Çocukların ikise de sıkı. Biri Almanya'da 5 yıl men stadyumlardan men cezası yemiş, diğeri de 1.5 yıl. Birinin 5 aylık hapis cezası paraya dönüştürülmüş. Ama holigan değiller, ultras kültürünü benimsemiş adamlar. Paok tribünlerini sordum, beklediklerinin çok altında bulmuşlar.5 dakikalık youtube videolarıyla milleti yiyorlar dedi. Güney Kıbrıs'a gitmişken, Kuzey'e geçip futbol namına bi'şey aramışlar ama tabi ki sonuç 0. Çetinkayaspor'u öğrenmişler yine de, kaçınız duydunuz Çetinkayaspor'u? Kıbrıs'a Marmara'da zannedenler var  bu ülkede.
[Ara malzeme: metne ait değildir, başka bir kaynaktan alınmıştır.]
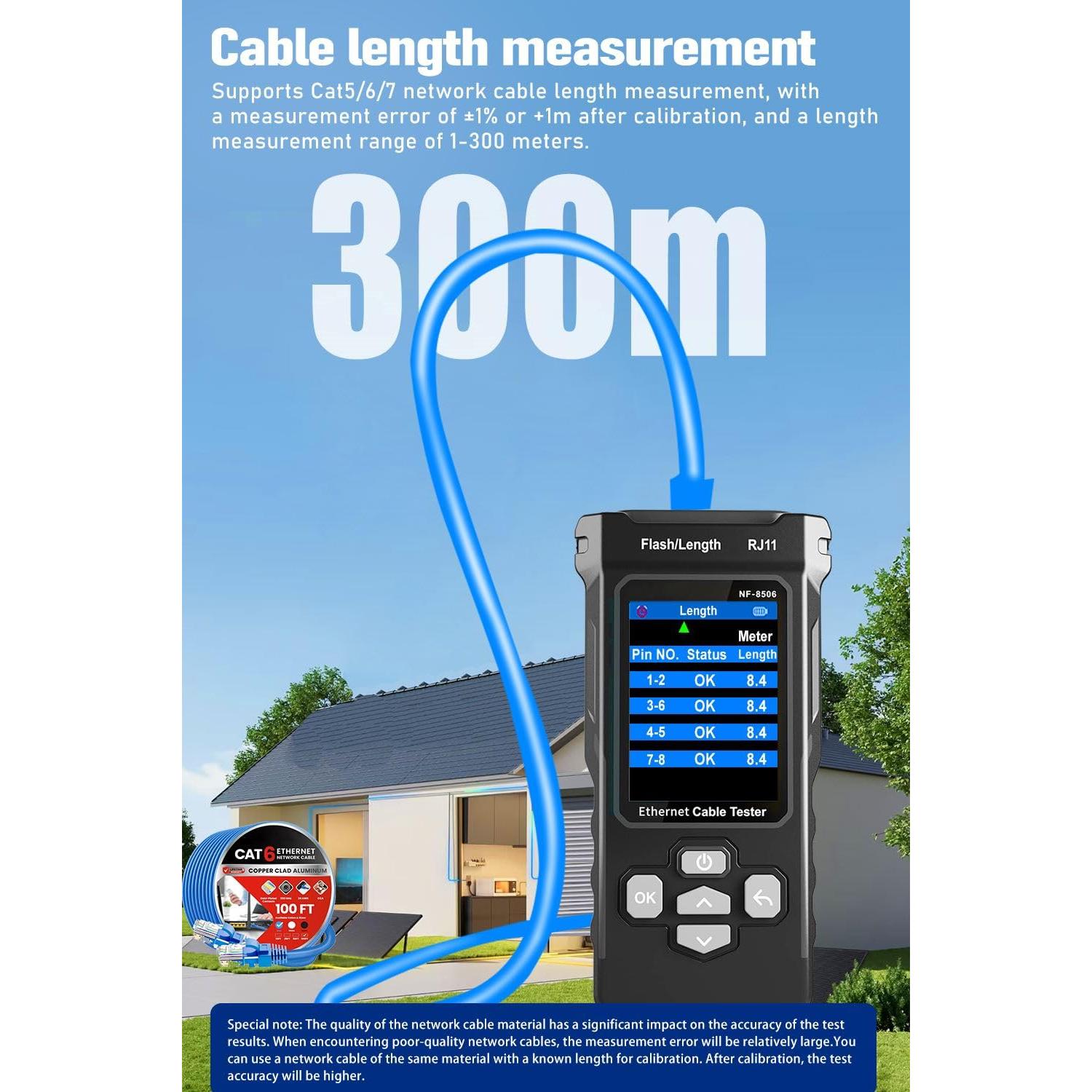Probador de Cable de Red NF-8506 - Multifuncional, PoE, TDR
Beni keklemiyorlarsa Türk tribünlerine ciddi saygı gösteriyorlar. Zaten daha önce bizim Kadıköy'de oynadığımız Frankfurt maçına gelmişler. O ortamı bile beğenmişler. Alman ultras fanzinleri için yazdığım bi' yazıda bizim grupları tanıtmıştım. Kill For You'yu merak ediyorlardı en çok ve isminden ötürü çekiniyorlardı .

Almanya'da ki tribün yasasını anlattılar. Bizimkine minnet ettim. 1. yıl stadlardan uzaklaştırma yiyen Andy polisle çatıştığı için, 5 ay hapis cezası para cezasına çevrilen Benjamin ise 2 kez mevzudayken yakalandığı için ceza yemiş. Sivil polis Anderas'ı takibe almış, sokakta yakalamış mesela. Yasalar bizimkinden epey ağır ama ama polis keyfi uygulamalarda bulunamıyor. Pankart yasaklamaları, taraftara hayvan gibi muameleler mümkün değil. Hitler'in torunları 50 yılda kendilerini toparlamışlar bizse askeri vesayetten kurtulduk derken polis vesayetine giriyoruz günbegün.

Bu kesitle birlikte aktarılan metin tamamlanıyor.